Special thanks goes to Graham Dumpleton behind mod_wsgi, and James William Pye behind Python>>Postgresql.   They are not involved or affiliated with AppCove or AppStruct (aside from great mailing list support) BUT if it were not for them, this framework would not exist.

AppStruct is a component of Shank, a meta-framework.  A stand-alone component in it’s own right, it represents the AppCove approach to web-application development.  Most of it is in planning, but the parts that have materialized are really, really cool.

Briefly, I’ll cover the two emerging areas of interest:

AppStruct.WSGI

This is a very pythonic (in my opinion) web application framework targeted toward Python 3.1 (a challenge in itself at this point).  We really wanted to base new development on Python 3.1+, as well as PostgreSQL using the excellent Python3/PostgreSQL library at http://python.projects.postgresql.org/.  However, none of the popular frameworks that I am aware of support Python 3, and most (if not all) of them have a lot of baggage I do not want to bring to the party.

Werkzeug was the most promising, but alas, I could not find Python 3 support for it either.  In fact, I intend to utilize a good bit of code from Werkzeug in finishing off AppStruct.WSGI.  (Don’t you just love good OSS licences?  AppStruct will be released under one of those also).

HTTP is just not that complicated.  It dosen’t need bundled up into n layers of indecipherable framework upon framework layers.   It doesn’t need abstracted to death.  I just needs to be streamlined a bit (with regard to request routing, reading headers, etc…).

Python is an amazing OO language.  It’s object model (or data model) is one of (if not the) most well conceived of any similar language, ever.  I want to use that to our advantage…

Inheritance, including multiple inheritance, has very simple rules in Python.  Want to use that as well.

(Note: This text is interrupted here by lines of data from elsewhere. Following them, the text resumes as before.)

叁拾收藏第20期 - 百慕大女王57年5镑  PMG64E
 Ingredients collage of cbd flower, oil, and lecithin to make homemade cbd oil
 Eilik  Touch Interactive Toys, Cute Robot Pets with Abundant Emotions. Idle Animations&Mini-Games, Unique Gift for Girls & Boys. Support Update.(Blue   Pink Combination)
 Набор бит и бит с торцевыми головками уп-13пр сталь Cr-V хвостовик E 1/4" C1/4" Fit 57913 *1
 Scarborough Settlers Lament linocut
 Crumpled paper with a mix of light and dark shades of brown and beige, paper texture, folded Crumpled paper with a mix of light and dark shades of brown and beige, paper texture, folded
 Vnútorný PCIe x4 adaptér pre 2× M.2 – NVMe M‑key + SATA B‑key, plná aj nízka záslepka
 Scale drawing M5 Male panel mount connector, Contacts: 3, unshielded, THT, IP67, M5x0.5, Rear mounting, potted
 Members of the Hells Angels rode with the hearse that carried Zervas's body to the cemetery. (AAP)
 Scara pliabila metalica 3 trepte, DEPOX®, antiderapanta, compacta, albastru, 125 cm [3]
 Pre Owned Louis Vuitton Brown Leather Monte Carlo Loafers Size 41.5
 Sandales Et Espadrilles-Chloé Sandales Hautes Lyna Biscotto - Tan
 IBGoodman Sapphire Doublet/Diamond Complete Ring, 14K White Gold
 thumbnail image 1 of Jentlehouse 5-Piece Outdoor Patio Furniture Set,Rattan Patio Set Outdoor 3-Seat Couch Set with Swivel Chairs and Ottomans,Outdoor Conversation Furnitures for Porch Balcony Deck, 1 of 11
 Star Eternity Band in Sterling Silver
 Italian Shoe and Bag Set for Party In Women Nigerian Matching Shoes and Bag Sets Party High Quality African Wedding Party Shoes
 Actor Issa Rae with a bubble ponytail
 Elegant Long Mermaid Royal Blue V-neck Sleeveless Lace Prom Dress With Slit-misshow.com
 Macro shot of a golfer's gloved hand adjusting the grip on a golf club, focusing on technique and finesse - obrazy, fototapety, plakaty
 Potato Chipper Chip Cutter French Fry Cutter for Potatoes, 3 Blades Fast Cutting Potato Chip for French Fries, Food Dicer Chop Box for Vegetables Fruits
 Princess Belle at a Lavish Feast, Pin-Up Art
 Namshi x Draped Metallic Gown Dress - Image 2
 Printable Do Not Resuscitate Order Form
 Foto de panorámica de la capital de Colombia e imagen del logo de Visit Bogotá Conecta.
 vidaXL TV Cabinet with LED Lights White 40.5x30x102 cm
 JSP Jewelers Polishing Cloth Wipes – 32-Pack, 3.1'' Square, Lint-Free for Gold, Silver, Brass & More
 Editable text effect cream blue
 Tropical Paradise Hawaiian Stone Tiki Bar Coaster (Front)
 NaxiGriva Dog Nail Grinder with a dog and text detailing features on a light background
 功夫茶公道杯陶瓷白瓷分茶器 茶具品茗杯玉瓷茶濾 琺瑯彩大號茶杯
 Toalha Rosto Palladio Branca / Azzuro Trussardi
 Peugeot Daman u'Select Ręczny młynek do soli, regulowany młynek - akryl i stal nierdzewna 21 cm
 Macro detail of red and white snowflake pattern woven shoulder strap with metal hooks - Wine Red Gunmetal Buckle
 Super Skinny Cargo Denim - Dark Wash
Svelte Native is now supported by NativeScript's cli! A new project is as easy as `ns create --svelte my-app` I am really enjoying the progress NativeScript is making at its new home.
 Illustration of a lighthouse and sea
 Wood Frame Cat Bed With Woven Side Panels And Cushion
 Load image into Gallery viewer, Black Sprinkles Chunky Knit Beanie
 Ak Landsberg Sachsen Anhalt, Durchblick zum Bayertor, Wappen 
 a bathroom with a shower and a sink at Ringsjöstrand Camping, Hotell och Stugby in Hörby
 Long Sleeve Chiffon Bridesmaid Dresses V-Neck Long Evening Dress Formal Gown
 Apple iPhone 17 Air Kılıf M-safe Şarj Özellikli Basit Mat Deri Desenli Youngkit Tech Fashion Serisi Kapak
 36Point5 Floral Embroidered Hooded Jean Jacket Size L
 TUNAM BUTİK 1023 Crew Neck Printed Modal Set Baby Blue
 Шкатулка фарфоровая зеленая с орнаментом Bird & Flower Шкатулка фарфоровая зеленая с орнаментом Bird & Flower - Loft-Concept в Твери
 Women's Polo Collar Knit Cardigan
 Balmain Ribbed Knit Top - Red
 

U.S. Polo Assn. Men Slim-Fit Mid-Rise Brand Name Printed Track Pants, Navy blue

Wish to provide developers with access to the low level guts they need for 2% of the requests, but not make them do extra work for the 98% of requests.

Speed is of the essence.  Servers are not cheap, and if you can increase your throughput by 5x, then that’s a lot less servers you need to pay for.

So, how does it work?

Well, those details can wait for another post.  But at this point the library is < 1000 lines of code, and does a lot of interesting things.

  • A fully compliant WSGI application object
  • 1 to 1 request routing to Python packages/modules/classes
  • All request classes derived from AppStruct.WSGI.Request

The application maps requests like /some/path/here to objects, like Project.WSGI.some.path.here.  If there is a trailing slash, then the application assumes that the class is named Index.  The object that is found is verified to be a subclass of AppStruct.WSGI.Request, and then…

Wait!  What about security?

Yes, yes, very important.  A couple things to point out.  First, the URLs are passed through a regular expression that ensures that they adhere to only the characters that may be used in valid python identifiers (not starting with _), delimited by “/”.  Second, the import and attribute lookup verify that any object (eg class) found is a subclass of the right thing.  And so on and so forth…

But you may say “wait, what about my/fancy-shmancy/urls/that-i-am-used-to-seeing?  Ever hear of mod_rewrite?  Yep.  Not trying to re-invent the wheel.  Use apache for what it was made for, not just a dumb request handler.

What about these request objects?

They are quite straightforward.  There are several attributes which represent request data, the environment, query string variables, post variables, and more.  There is a .Response attribute which maps to a very lightweight response object.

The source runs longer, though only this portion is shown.